Opinion
January 29, 1957.
Appeal from the Supreme Court, Bronx County, FELIX C. BENVENGA, J.
Jacob W. Friedman of counsel ( Irving Schneider, attorney), for appellant.
Arthur S. Friedman and Morton David Goldberg of counsel ( Gallop, Climenko Gould, attorneys), for respondents.
MEMORANDUM BY THE COURT. This is an appeal from an order modifying plaintiff's notice of examination of the defendants before trial. After issue was joined, plaintiff served the notice of examination. A day or two before the date set for the examinations, at the request of defendants' counsel a written stipulation for an adjournment of the examinations was signed. The defendants made no reservation in the stipulation of their right to move to modify or otherwise attack the notice of examination. Some days after the stipulation was entered into and before the adjourned examination dates, the defendants, by order to show cause, sought modification of the notice of examination, asserting the impropriety of certain items contained therein. In opposition to the motion the plaintiff urged that the application be denied upon the ground that the stipulation contained no reservation of the right to make a motion with respect to the invalidity of the notice or the propriety of any item contained therein. Special Term granted the application to modify to the extent of striking out 11 items.
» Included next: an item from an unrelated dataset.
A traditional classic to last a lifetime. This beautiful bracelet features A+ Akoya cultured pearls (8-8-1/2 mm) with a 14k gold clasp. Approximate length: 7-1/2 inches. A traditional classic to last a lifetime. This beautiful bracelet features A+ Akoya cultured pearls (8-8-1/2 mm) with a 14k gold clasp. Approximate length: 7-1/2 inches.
We are constrained to reverse the order. By custom and practice, adjournments of examinations before trial, like extensions of time to serve answers, contain or should contain reservation of rights to question the regularity or validity of a notice of examination or of a pleading. It has been held that the failure to reserve the right to move to vacate an order for examination in a stipulation providing for an adjournment is an estoppel and waiver of the right to so move ( Sutphin Realty Co. v. Breinig, 206 App. Div. 713; Schweinburg v. Altman, 131 App. Div. 795). That rule applies with equal force to an application to modify a notice. In reversing the order at Special Term and denying the motion, we do not pass upon the propriety of the items enumerated in the notice of examination. We are precluded from examining these items for the reasons above stated. The order should be unanimously reversed, with $20 costs and disbursements to the appellant, and the motion denied.
BREITEL, J.P., RABIN, FRANK and VALENTE, JJ., concur.
Order unanimously reversed.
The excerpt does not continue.